Full IMF participation is linked to the first review of Greece’s progress in meeting its fiscal commitments as part of the US$94 billion bailout loan it obtained last August.
The terms of the latest bailout payment include the adoption of a ‘debt brake,’ forcing across-the-board spending cuts if fiscal targets are jeopardized. The objective is to convert the primary deficit in the first half of 2015 into a surplus of 3.5 percent of GDP by 2018. These measures are the framework for the third bailout negotiation.
During a TV interview Monday night, Tsipras expressed reservations regarding IMF participation, which is demanding that his government adopt harsh fiscal austerity measures such as pension cuts and a reduction in public spending.
“The Fund must decide if it wants a compromise, if it will remain a part of the program,” said Tsipras. “If it does not want to, it should come out publicly and say so.”

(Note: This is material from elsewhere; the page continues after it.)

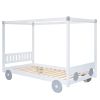 Twin Size Canopy Car-Shaped Platform Bed,Natural+Brown(Expected Arrival Time:7.25)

In response to Tsipras’ comments, Schaeuble suggested that the Greek leader is having second thoughts about adopting some of the measures demanded by Greece’s lenders.
“They should focus their attention on doing what they have to do,” he said. “As always, they are behind schedule. Maybe questioning the agreement is necessary for domestic reasons; he has a slim majority I have noticed. This may be the easy route but it is not in Greece’s interests.”

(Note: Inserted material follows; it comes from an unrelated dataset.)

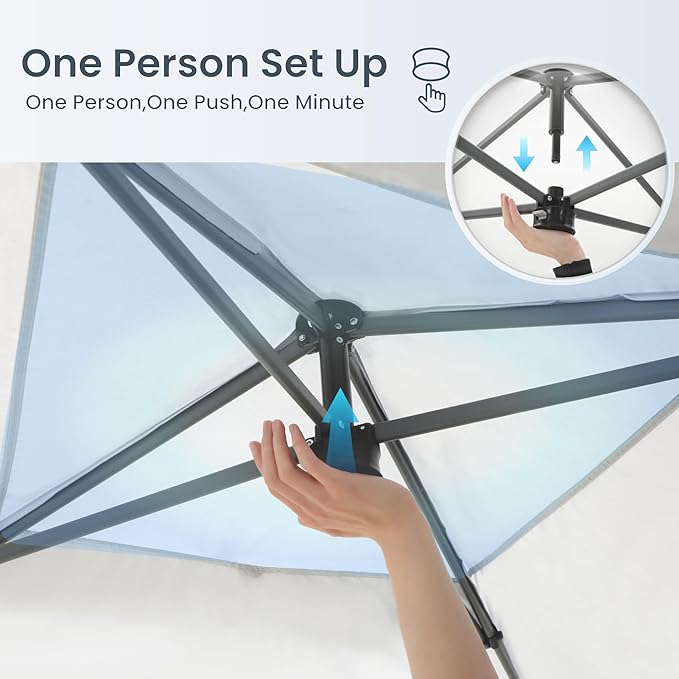 PHI VILLA 10x10 Pop Up Canopy Tent - One Push Setup, Instant Shade Tent with Vented Roof for Beach & Events - Includes Storage Bag, Sandbags, Stakes & Ropes (Blue)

Despite Schaeuble’s accusations, Greek lawmakers have already approved the country’s budget for 2016, which complies with the commitments of the third bailout program imposed by the country’s creditors. The budget for 2016 will adopt several creditor demands such as tax hikes, a reduction in government spending and pension cuts.
According to a 2015 report released by the Debt Truth Committee, the third bailout program and subsequent budget is likely to see an “increase (in) poverty, class polarization and social exclusion,” negatively impacting “working class rights” and violating the “fundamental human rights of the Greek people.”
Labeling it “a difficult exercise,” the budget has heaped further pressure on Tsipras, whose Syriza party was elected for its economically leftist proposals.
According to a recent poll carried out by Skai television, more then 50 percent of the Greek population are opposed to the austerity measures required by the bailout program. The same survey found that 73.5 percent doubt that Greece will get out of the bailout commitments by the end of the government’s four-year term.